About this exercise: Please return the lines of the data that contain "with".
====== Input material ======
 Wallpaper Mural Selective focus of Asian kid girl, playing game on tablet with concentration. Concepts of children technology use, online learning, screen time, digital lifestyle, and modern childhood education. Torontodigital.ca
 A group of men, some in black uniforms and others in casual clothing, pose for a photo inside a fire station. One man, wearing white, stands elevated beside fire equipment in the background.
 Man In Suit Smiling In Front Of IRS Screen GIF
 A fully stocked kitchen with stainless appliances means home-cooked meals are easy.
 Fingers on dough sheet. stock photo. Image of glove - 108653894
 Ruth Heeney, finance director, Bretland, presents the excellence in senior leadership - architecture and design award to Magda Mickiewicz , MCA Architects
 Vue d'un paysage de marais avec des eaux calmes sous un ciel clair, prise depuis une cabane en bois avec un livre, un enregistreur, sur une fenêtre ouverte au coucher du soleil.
======
Your solution:
 Wallpaper Mural Selective focus of Asian kid girl, playing game on tablet with concentration. Concepts of children technology use, online learning, screen time, digital lifestyle, and modern childhood education. Torontodigital.ca
 A fully stocked kitchen with stainless appliances means home-cooked meals are easy.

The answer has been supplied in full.